If you paint it with diluted polyester resin and hardener it will last a long time. Mix the hardener and resin, then thin with acetone to brushing consistency. When it hardens it can be sanded and painted. I did this to a transom plate I made for my boat and it will probably outlast the rest of the boat.


----------



## CPTN.CROWN (Apr 11, 2004)

Trolling motor is 34lbs i think. Not here yet.


----------



## twistertail (Apr 10, 2004)

Should work great!


----------



## Saildog (Aug 2, 2004)

I made a similar mount for my canoe. Couldn't justify spending the money on something so easy to make. I also like things to be multi-functional, so I made the motor mount into combination motor mount, drink holder, anchor cleat and fish finder base. I'll have take a pic, but here's how I did it:

1) I didn't bother with the vertical part. I just turned my mount 90 degrees, so I'm using the set of detents opposite of what you normally would. Really stiffens the mount and makes the whole thing really simple to make. 

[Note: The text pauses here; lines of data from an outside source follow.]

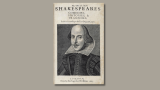 Il First Folio di Shakespeare compie 400 anni: in un sito internet i segreti del libro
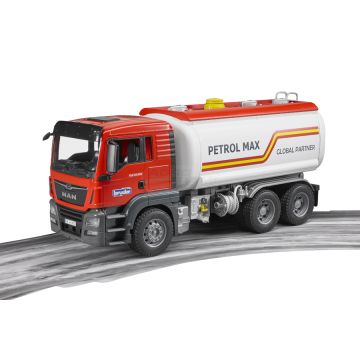 Cisterna MAN TGS Bruder 03775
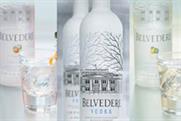 Belvedere Vodka: digital appointment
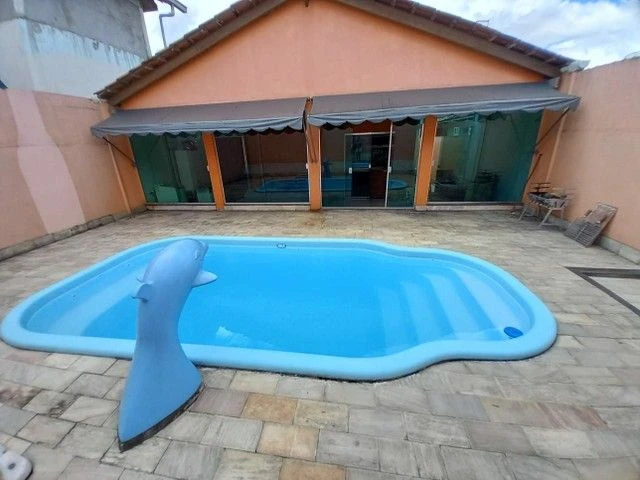 Casa com 2 dormitórios à venda, 70 m² por RS 400.000,00 - Tarumã Açu - Manaus-AM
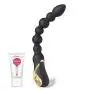 Utimi Anal Sex Toys Vibrating Anal Beads Anal Vibrator Prostate Massager with Pull Ring Utimi Anal Sex Toys Vibrating Anal Beads Anal Vibrator Prostate Massager with Pull Ring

2) Made the top piece of the mount about 5" wide. This gives better stiffness and more surface area where it clamps to the gunnels. I also used four 5/16" diameter carriage bolts/wing nuts to hold it on...one in each corner. 

3) The wider top let me make it into a drink holder, too. All you need to do is take a hole saw and drill a 2-1/2" diameter hole through the top piece only. The bottom of the can rests on top of the lower piece of the mount. 

4) The wider top also gave me room to mount a small cleat for my anchor and the base for my fish finder. I mounted the transducer on the trolling motor, so the whole setup comes off together if I want to take the canoe down the river. 

5) I had some 1" butternut laying around in my workshop, so I made it out of that. Put four quick coats of marine varnish on it and it looks great.


----------